# carver water heating problems



## mark7 (Jun 19, 2010)

Hi all, looking for some help....when i put the water heater on the green light shows, i can hear the gas light but then the red light comes on and the gas goes out!!!!!

good job i had a solar camp shower when i went away, and we had some sun!!!!

thanks in advance     Mark


----------



## wynthesurfer (Jun 19, 2010)

Hi
Best to look on Preloved | UK free ads - buy and sell with local classifieds  under all carver cascade questions it will tell you all you need to know,Gary at arc systems is the expert and also repairs and sells spares for them.
It maybe just a low battery as it needs at least 11.4 volts to run.

Wyn


----------



## mark7 (Jun 19, 2010)

Hi Wyn, thanks i will have a look. dont think it will be the battery, i have 2 x 110 amp battery and i keep them topped up but will have a look cos ya never know..

        Mark


----------



## winchman (Jun 19, 2010)

As above Arc Systems are fantastic, very helpful and cheap too


----------



## mark7 (Jun 19, 2010)

great thanks will have a look   Mark


----------



## spiritsfree (Jun 19, 2010)

Just a basic one......your external heater cover is off isn`t it ?

Geoff


----------



## mark7 (Jun 20, 2010)

It does not have one, i have had it working many times but just this year it stopped...think i will have to get a pro to help me out......


----------



## ALLERDALECHEF (Jun 20, 2010)

mark7 said:


> Hi all, looking for some help....when i put the water heater on the green light shows, i can hear the gas light but then the red light comes on and the gas goes out!!!!!
> 
> good job i had a solar camp shower when i went away, and we had some sun!!!!
> 
> thanks in advance     Mark



hi mark

heres a previous post of mine ..it may help 

i have just been getting my van ready for a couple of days away.
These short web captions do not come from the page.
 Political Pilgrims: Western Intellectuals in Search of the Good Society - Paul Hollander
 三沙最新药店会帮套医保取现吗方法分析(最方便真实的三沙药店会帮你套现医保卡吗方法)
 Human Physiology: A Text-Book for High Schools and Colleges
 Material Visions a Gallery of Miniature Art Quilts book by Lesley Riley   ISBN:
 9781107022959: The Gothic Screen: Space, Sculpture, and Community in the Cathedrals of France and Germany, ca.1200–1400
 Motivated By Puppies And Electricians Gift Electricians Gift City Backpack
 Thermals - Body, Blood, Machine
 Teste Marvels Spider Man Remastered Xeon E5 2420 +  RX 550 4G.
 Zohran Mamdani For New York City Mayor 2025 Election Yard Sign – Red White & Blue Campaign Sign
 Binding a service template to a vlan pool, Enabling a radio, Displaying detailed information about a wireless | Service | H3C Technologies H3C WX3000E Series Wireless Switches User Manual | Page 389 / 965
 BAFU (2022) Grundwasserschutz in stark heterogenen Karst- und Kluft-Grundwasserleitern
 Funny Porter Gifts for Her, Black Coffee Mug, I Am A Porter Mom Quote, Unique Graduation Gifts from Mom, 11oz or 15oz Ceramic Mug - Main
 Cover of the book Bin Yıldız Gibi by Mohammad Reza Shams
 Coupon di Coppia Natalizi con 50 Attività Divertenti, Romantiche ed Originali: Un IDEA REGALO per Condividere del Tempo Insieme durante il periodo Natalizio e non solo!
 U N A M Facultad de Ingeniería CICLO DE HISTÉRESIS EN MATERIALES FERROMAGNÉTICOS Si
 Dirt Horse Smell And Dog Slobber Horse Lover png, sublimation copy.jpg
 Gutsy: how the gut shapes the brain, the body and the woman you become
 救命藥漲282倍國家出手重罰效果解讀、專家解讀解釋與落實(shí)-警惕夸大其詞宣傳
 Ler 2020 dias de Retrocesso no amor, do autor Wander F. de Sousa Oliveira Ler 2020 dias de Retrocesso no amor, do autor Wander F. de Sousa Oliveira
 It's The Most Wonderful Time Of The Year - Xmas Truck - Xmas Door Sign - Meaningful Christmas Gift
All the tanks and boiler were drained down . I filled the cold water tank and ran the hot and cold water , cold was ok but as i hadnt closed the drain plug on the carver i (unsuprisingly) couldnt get water from the hot tap . Once i had closed it water came through ok ( huge relief , no burst pipes). I switched the boiler on but it cut out after the 10 second starting sequence ..i re tried about 20 times to no avail.  After reading the manuals etc i resorted to tinternet and found i wasnt the first person to do this. The problem is that the burner module fills with water splashing back from the drain valve, it can also happen during adverse weather apparently, So if your carver switches to the red light after 10 seconds or so that may be the problem. Easily sorted by removing the outside cover and inner plate which covers the module and drain the water off . Disclaimer ..........dont mess around with gas unless you are 100% confident in what you are doing , but this is no more difficult than changing a cylinder


----------



## mark7 (Jun 22, 2010)

ALLERDALECHEF said:


> hi mark
> 
> heres a previous post of mine ..it may help
> 
> i have just been getting my van ready for a couple of days away. All the tanks and boiler were drained down . I filled the cold water tank and ran the hot and cold water , cold was ok but as i hadnt closed the drain plug on the carver i (unsuprisingly) couldnt get water from the hot tap . Once i had closed it water came through ok ( huge relief , no burst pipes). I switched the boiler on but it cut out after the 10 second starting sequence ..i re tried about 20 times to no avail.  After reading the manuals etc i resorted to tinternet and found i wasnt the first person to do this. The problem is that the burner module fills with water splashing back from the drain valve, it can also happen during adverse weather apparently, So if your carver switches to the red light after 10 seconds or so that may be the problem. Easily sorted by removing the outside cover and inner plate which covers the module and drain the water off . Disclaimer ..........dont mess around with gas unless you are 100% confident in what you are doing , but this is no more difficult than changing a cylinder




Thanks  ALLERDALECHEF, will look in to this, i am thinking it could be the module as well, thanks again will let you all know how i get on and may help someone aswel...


----------



## barryd (Jun 22, 2010)

I had the same problem with my 1996 Kontiki.  It needed a new unit as water had got in and corroded it.  £150 fitted by Leisurtech in Clitheroe.  Been fine ever since.


----------



## mark7 (Jun 27, 2010)

HOW MUCH.......wow but if it needs it...having a chap look at it when i get back, in whitby now then of up Scotland for a week, good job i have a couple of solar showers....


----------